[Description of the task] Only the lines of the listing below that run from the line with "Çocuk inşaatçı olarak" through the line with "2015 Ford Focus Se VIN:1FADP3K28FL385866 - 3" are to be set down, word for word. Pictures stay out.

*** Exercise material Section Begins ***

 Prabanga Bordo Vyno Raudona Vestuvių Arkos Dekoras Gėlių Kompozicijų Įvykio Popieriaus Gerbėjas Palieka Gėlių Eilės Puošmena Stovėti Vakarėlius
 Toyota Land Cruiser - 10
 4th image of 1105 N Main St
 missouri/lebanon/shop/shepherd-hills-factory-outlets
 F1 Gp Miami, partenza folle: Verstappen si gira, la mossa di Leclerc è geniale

*** Exercise material Section Ends ***
*** Exercise material Section Begins ***

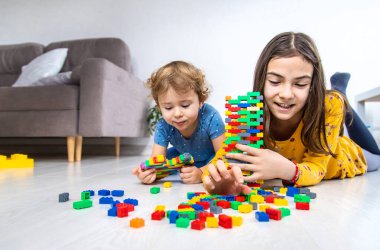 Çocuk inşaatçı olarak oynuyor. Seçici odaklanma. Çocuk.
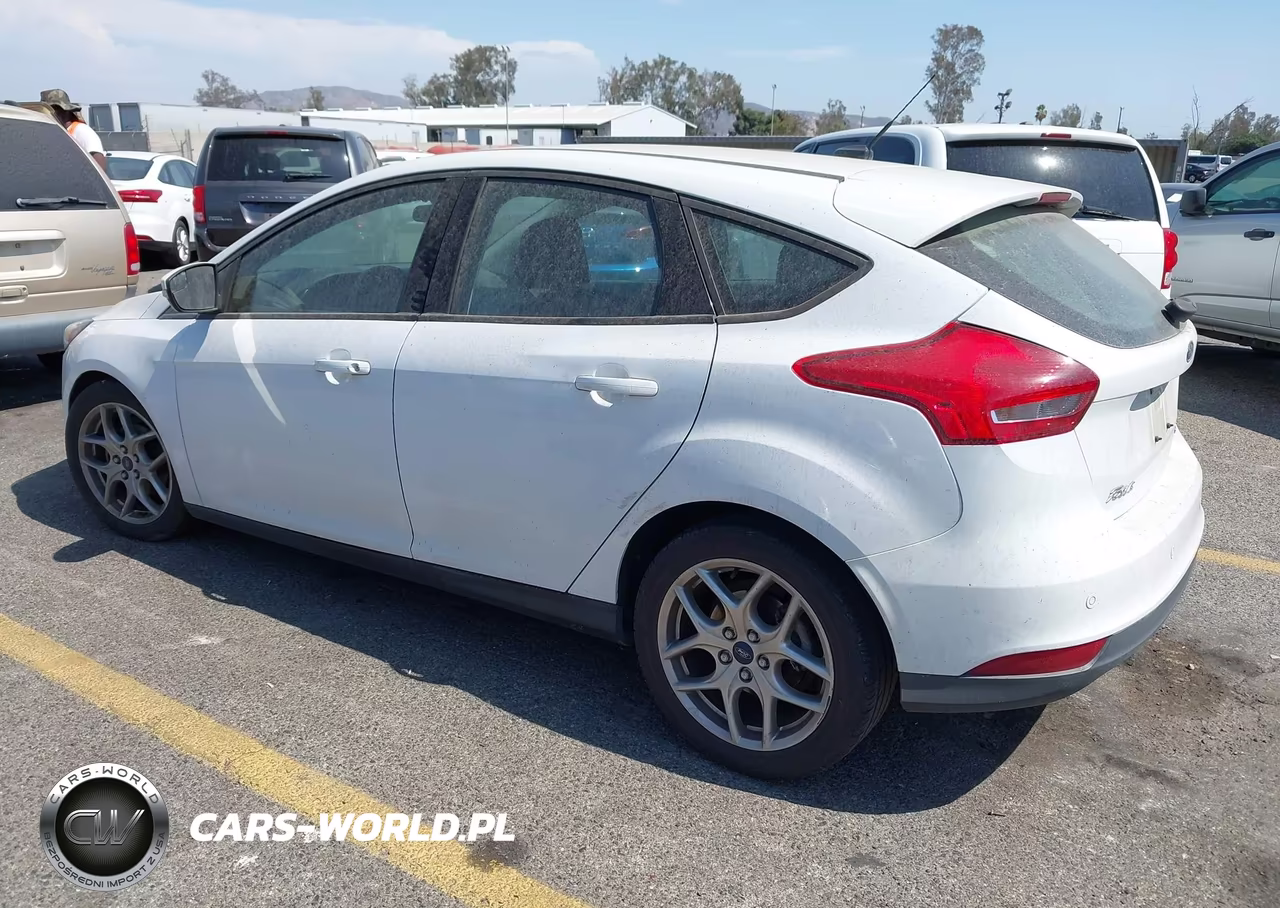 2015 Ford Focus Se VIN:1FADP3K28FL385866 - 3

*** Exercise material Section Ends ***

[Exercise result]
 Çocuk inşaatçı olarak oynuyor. Seçici odaklanma. Çocuk.
 2015 Ford Focus Se VIN:1FADP3K28FL385866 - 3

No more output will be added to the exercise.